La complexité du travail sur les cartes mentales augmente encore lorsque l’on recherche ce qui peut expliquer régularités et différences. A partir de représentations du quartier et de la ville collectées auprès de résidents lyonnais, nous avons souhaité voir si les ressemblances et les tendances dégagées étaient explicables par une analyse plaçant au premier plan l’utilisation du mode de déplacement. Or, à ce niveau, les limites de l’analyse nous semblent être devenues définitivement rédhibitoires : du fait du grand nombre de facteurs et de la corrélation entre certains d’entre eux, il nous est apparu irréaliste de démontrer que le moyen de transport utilisé était bien le facteur explicatif le plus pertinent d’une particularité cartographique et que nul autre facteur, ou conjonction de facteurs, ne pouvait prétendre à un tel rôle ; au final, la corrélation entre ce facteur du mode de déplacement considéré isolément et certaines spécificités de la représentation s’est avérée impossible à définir correctement.

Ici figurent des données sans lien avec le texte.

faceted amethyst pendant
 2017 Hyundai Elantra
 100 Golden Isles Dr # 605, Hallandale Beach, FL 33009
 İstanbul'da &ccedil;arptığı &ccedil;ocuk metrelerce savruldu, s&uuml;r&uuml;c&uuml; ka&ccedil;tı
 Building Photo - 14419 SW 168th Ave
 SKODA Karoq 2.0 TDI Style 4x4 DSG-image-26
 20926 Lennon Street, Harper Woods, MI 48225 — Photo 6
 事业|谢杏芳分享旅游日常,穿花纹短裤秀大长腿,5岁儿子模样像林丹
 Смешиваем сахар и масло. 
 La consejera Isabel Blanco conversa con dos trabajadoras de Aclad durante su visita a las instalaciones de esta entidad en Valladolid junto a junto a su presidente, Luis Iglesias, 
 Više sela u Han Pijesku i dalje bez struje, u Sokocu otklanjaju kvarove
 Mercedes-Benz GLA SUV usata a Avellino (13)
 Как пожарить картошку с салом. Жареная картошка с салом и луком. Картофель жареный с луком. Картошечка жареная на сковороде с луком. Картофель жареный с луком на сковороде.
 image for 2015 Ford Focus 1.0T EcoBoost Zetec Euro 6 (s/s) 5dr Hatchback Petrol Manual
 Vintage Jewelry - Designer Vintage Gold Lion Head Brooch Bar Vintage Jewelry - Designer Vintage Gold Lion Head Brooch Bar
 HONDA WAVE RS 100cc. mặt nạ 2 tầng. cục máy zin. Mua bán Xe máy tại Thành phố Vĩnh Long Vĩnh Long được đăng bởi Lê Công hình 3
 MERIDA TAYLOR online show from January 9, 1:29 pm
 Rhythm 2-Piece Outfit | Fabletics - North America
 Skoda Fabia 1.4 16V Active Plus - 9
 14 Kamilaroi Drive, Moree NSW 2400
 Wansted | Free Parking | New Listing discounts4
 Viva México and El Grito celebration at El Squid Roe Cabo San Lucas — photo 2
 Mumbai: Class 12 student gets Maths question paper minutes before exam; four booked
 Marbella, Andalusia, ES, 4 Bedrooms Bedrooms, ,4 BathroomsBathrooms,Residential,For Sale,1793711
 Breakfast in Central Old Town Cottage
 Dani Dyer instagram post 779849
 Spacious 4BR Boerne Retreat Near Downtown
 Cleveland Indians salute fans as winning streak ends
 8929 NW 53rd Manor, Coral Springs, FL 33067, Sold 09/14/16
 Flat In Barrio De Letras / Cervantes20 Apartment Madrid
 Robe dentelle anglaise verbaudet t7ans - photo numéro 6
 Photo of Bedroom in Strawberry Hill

Évidemment, il ne s’agit pas ici de rejeter totalement les cartes mentales en tant qu’outil de connaissance scientifique. Celles-ci nous apparaissent toujours intéressantes lorsqu’il s’agit d’étudier par exemple les représentations et les pratiques que les individus ont d’un espace spécifique, l’influence d’une nouvelle infrastructure sur l’évolution de la perception d’un quartier ou encore plus globalement l’image de la ville. En revanche, leur pertinence nous paraît s’estomper quand on cherche à définir l’importance d’un caractère propre, comme le moyen de transport utilisé, dans les pratiques et les représentations spatiales – et ce d’autant plus que personne n’est exclusivement piéton, usager des transports en commun ou automobiliste. Cet abandon de l’utilisation des cartes mentales en tant qu’outil d’analyse résulte donc d’un choix scientifique raisonné et justifié. Au mieux, pourrons-nous utiliser les cartes collectées en tant qu’illustration de nos propos, ce qui n’est pas d’ailleurs sans risques, notamment celui de légitimer a posteriori nos analyses grâce à un outil dont nous avons montré les limites présentes. C’est pourquoi l’utilisation que nous en ferons ne doit pas être interprétée dans cette perspective mais bien comme un procédé illustratif de conclusions qui ne leur doivent rien.

Notes
335.

R.M. DOWNS, B.D. STEA, Des cartes plein la tête. Essai sur la cartographie mentale, Edisem, Québec, 1981, p.170.

336.

R.M. DOWNS, B.D. STEA, p.4.

337.

Même si différentes méthodes peuvent être utilisées pour pallier à cette difficulté : cf. G. VIGNAUX, "Schémas cognitifs et cartographies mentales. Le réseau des transports parisiens", in Les Annales de la rechercher urbaine, n°39, pp.56-67.

338.

A. BAILLY, B. DEBARBIEUX, op.cit., p.162.

339.

H. GUMUCHIAN, op.cit., p.148.

340.

R.M. DOWNS, B.D. STEA, op.cit., p.86.